Transcribe exactly the entries from the "ANRABESS Women Long" line to the end, both included, minus pictures.

[Image-text web data]
****
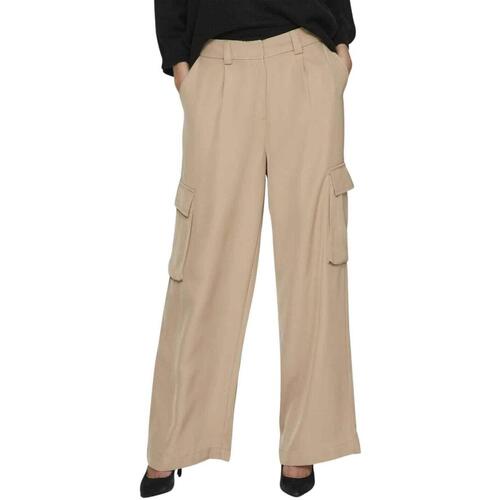 textil Mujer Pantalones Vila VIWINNIE LADY WIDE HW CARGO PANTS Beige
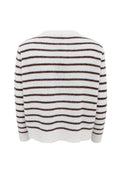 Dell Striped Knit Cardigan | Off White | Strik fra Black Colour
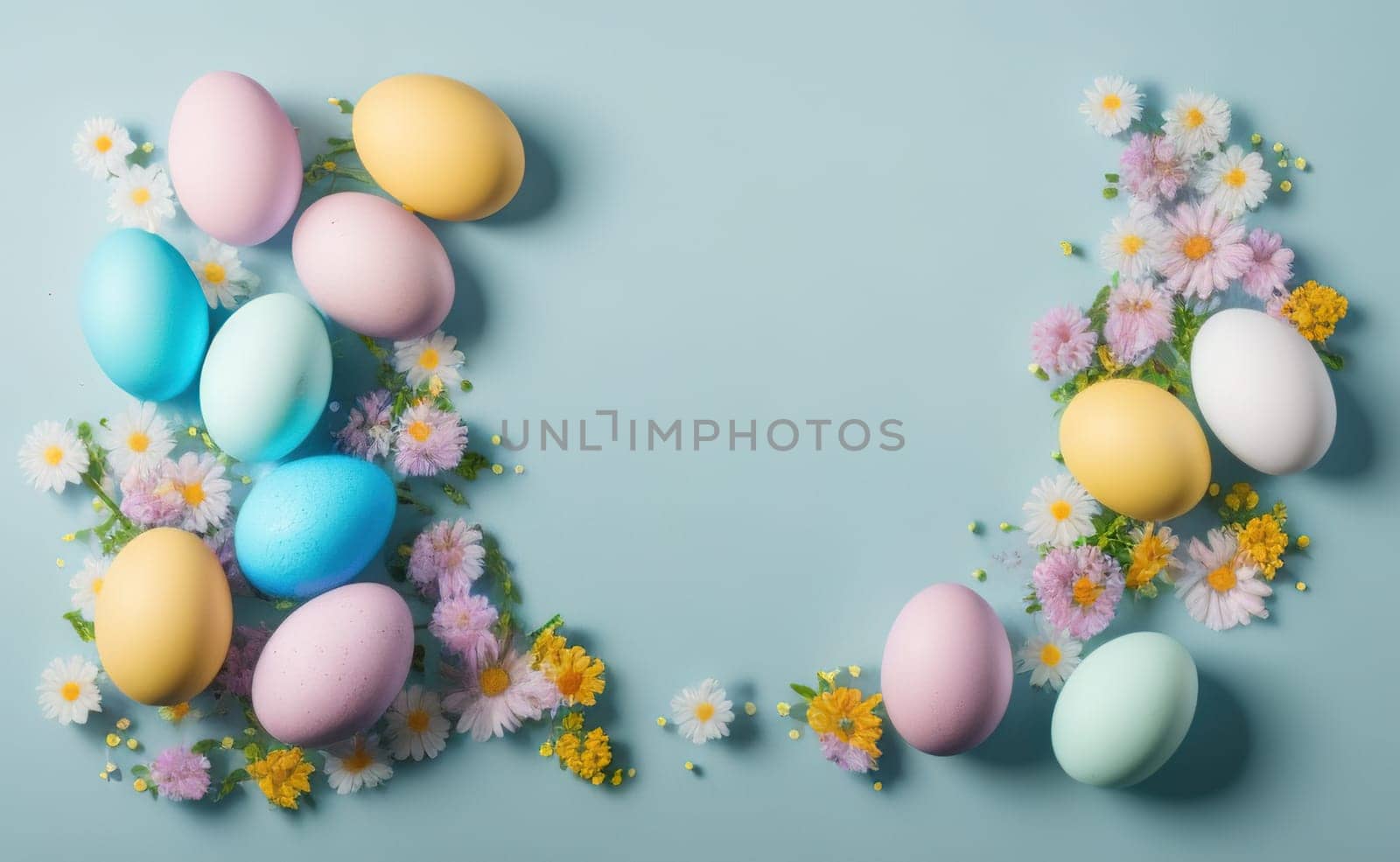 Happy easter background with flowers and eggs lined with a frame for text by EkaterinaPereslavtseva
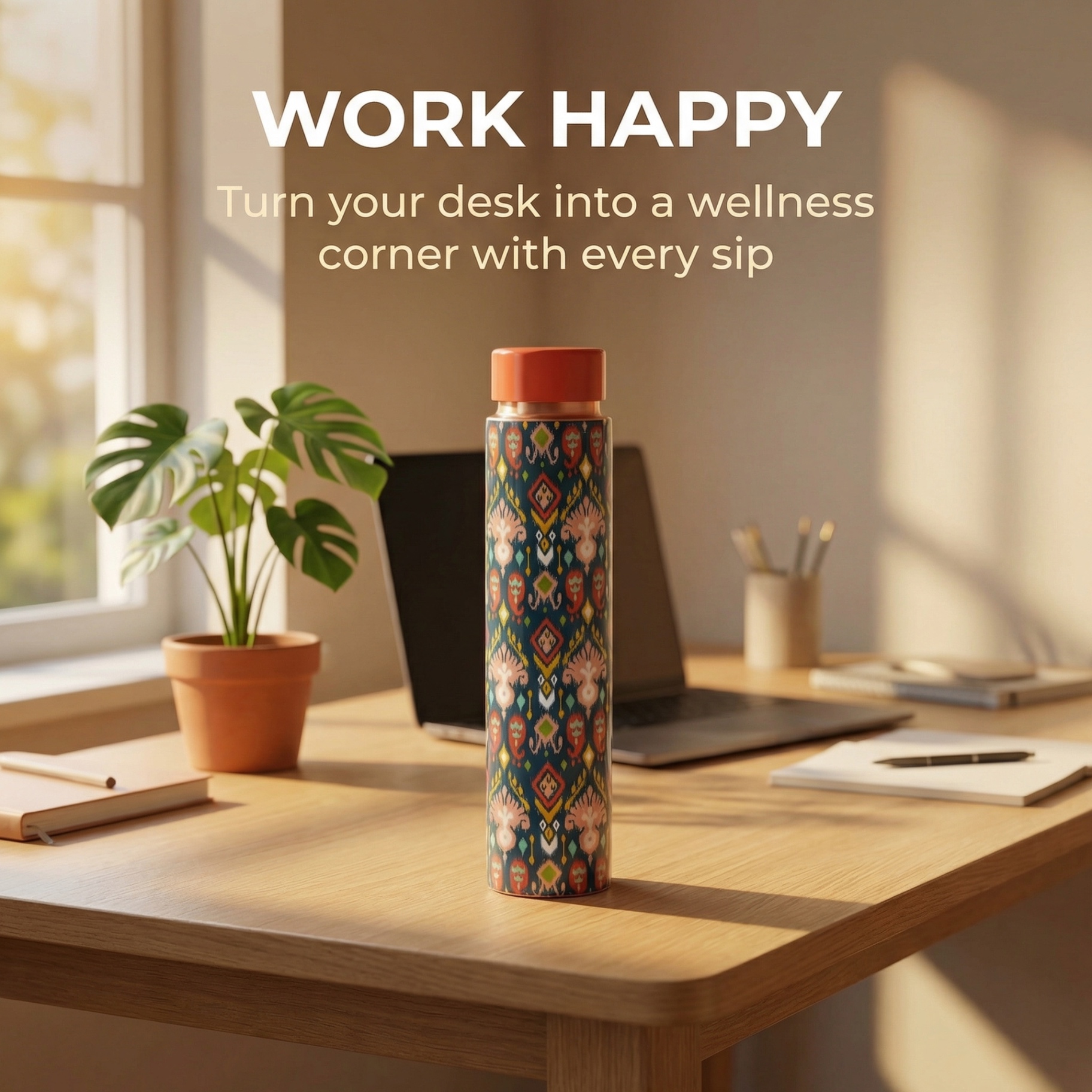 Bohemian ikat print water bottle on wooden work desk as wellness companion for happy productive home office hydration routine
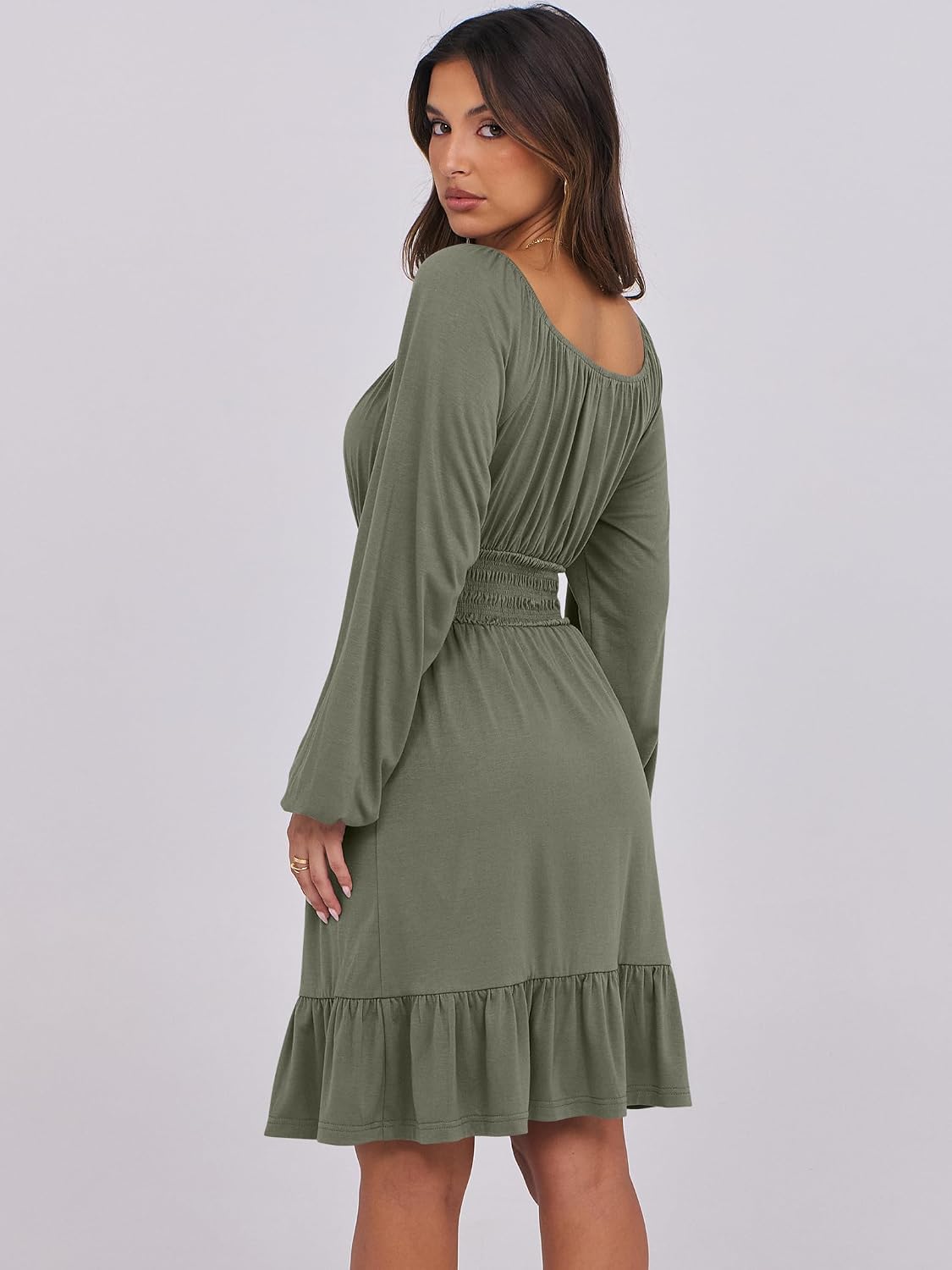 ANRABESS Women Long Lantern Sleeve Square Neck Fall Short Dress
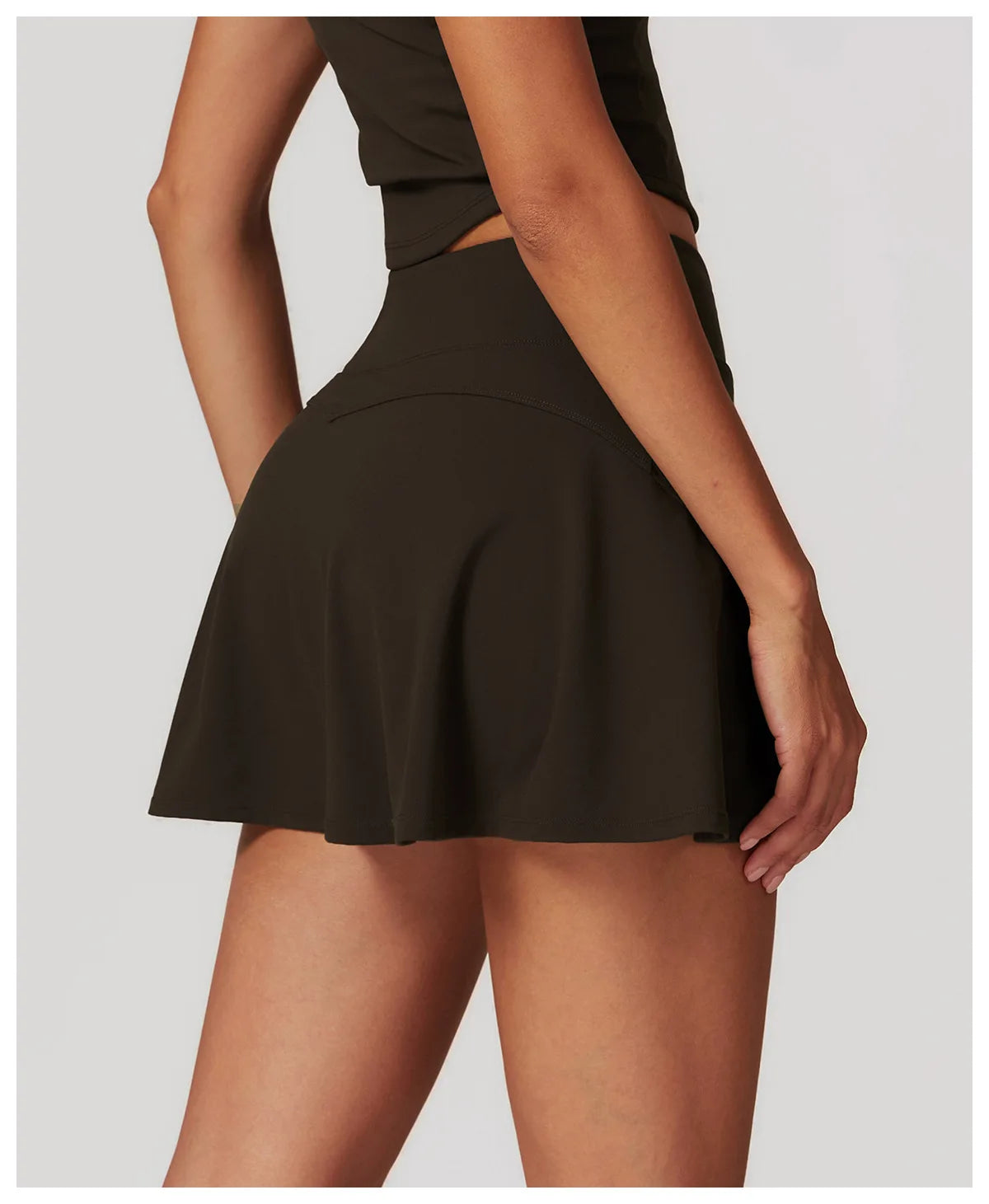 High Waist Sports Skirt - Quick Dry Yoga Skirt with Lined Shorts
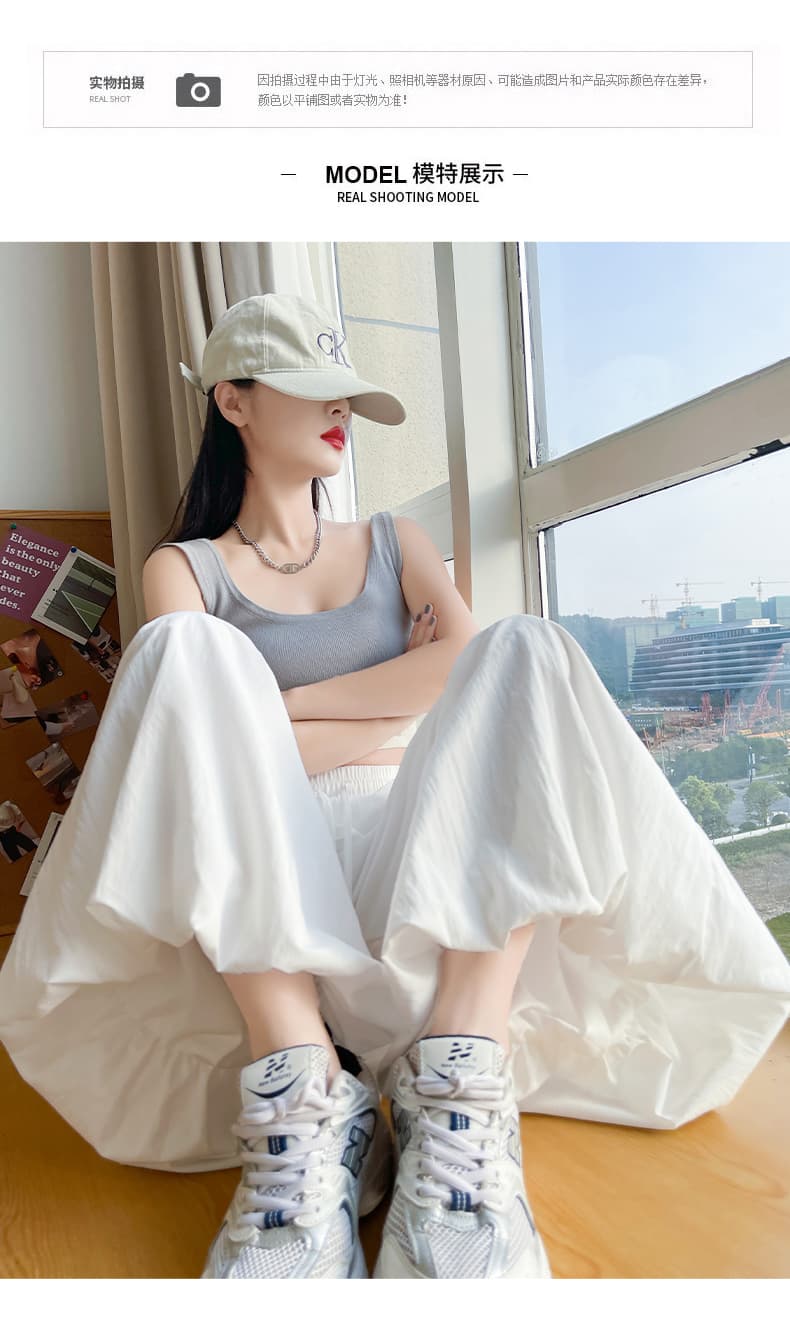 실사 랜턴 꽃밭 치마바지 아이들 여름 얇은 2025 하이웨이스트 루즈핏 도루 가을 센스 캐주얼 넓은 다리 퍼프 바지 상세 이미지 11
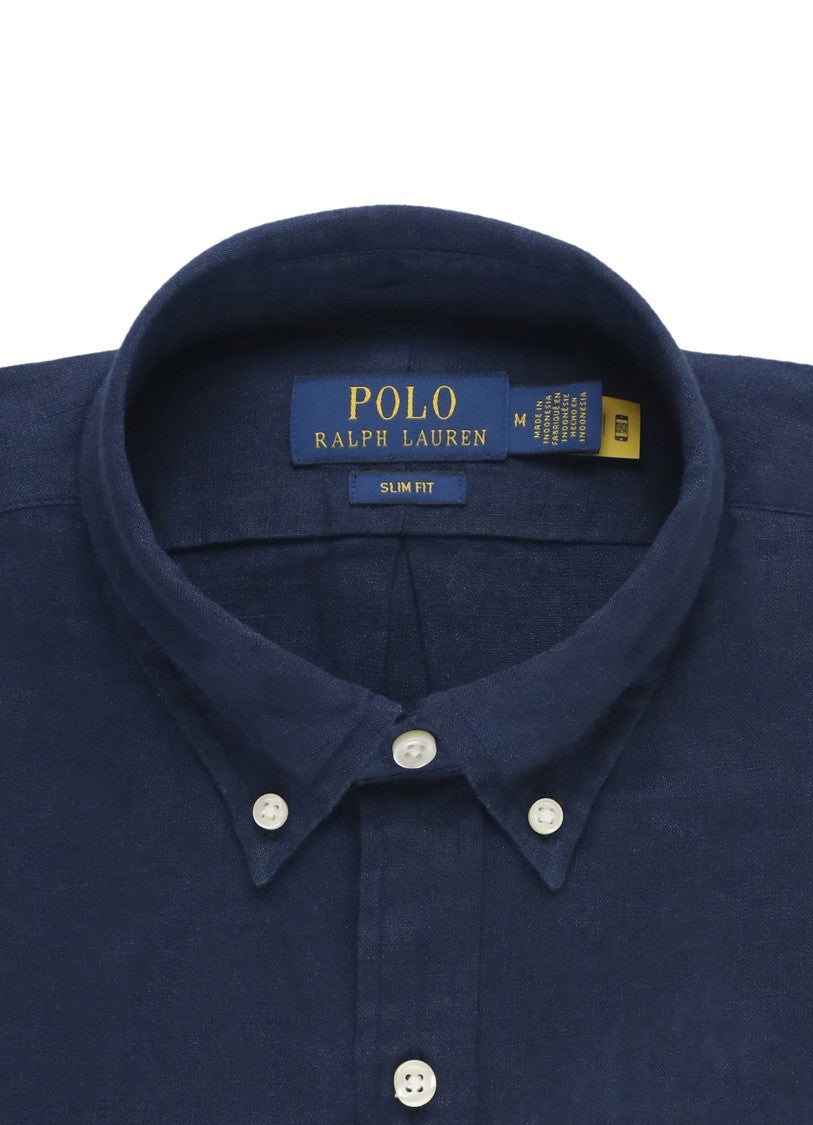 Polo Ralph Lauren Blue Slim-Fit Embroidered Linen Shirt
****
▶ **PROBLEM SOLUTION**
 ANRABESS Women Long Lantern Sleeve Square Neck Fall Short Dress
 High Waist Sports Skirt - Quick Dry Yoga Skirt with Lined Shorts
 실사 랜턴 꽃밭 치마바지 아이들 여름 얇은 2025 하이웨이스트 루즈핏 도루 가을 센스 캐주얼 넓은 다리 퍼프 바지 상세 이미지 11
 Polo Ralph Lauren Blue Slim-Fit Embroidered Linen Shirt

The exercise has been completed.